Many prominent people have seen their careers founder after inaccuracies were revealed in their academic or professional biographies, including two leaders of Yahoo Inc. departing Sunday.
-- Scott Thompson, CEO -- Leaves the company 10 days after a shareholder reveals his bachelor's degree from Stonehill College in Easton, Mass., was in business, not computer science, as described in a company bio and regulatory filings.

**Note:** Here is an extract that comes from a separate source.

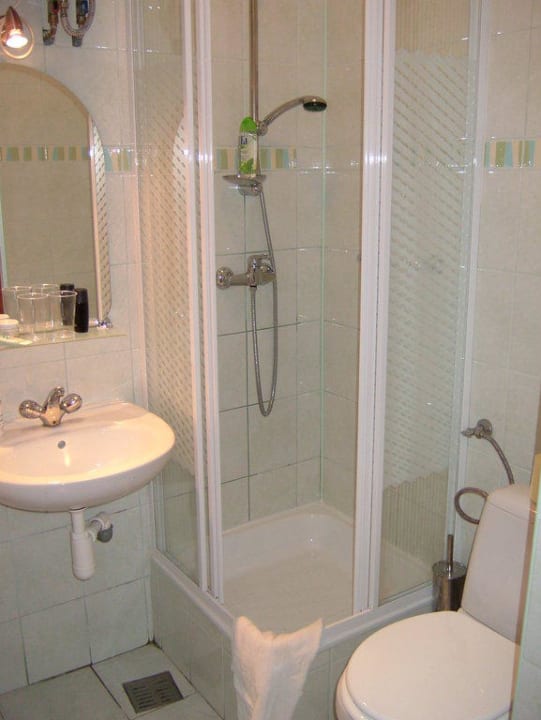 Bad von Zimmer Nr. 203 Hotel Dom Casimi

-- Patti Hart, director -- Leaves Yahoo's board Sunday. Hart's bachelor's degree from Illinois State University is in business administration, not marketing and economics, as her bio had claimed. The same shareholder had looked into her background after Hart led the board committee that hired Thompson in January. She is to remain as CEO of International Game Technology.
Other notable examples:
-- Marilee Jones, Massachusetts Institute of Technology -- In 2007, resigns as dean of admissions, saying she had misled MIT about her academic degrees on her application to work there 28 years earlier.
-- Dave Edmondson, RadioShack - In 2006, resigns after 11 years with the company, including eight months as CEO, after acknowledging he had no college degree. He'd claimed two.
-- Ronald Zarrella, Bausch & Lomb - In 2002, offers to resign as CEO, sees $1.1 million bonus rescinded, when he admits he doesn't hold the MBA from New York University that appeared on his resume for a decade.
-- Kenneth Lonchar, Veritas Software -- In 2002, is forced to resign as chief financial officer after admitting he falsely claimed to hold MBA from Stanford University.
-- George O'Leary, Notre Dame football -- In 2001, resigns as head football coach five days after being hired, admitting he lied about his academic and athletic background.
-- Joe Biden, now vice president of the U.S. -- In 1988, drops out of presidential campaign after admitting he had plagiarized as a law student, made false claims about his academic achievements and occasionally used others' words in his speeches without giving them credit.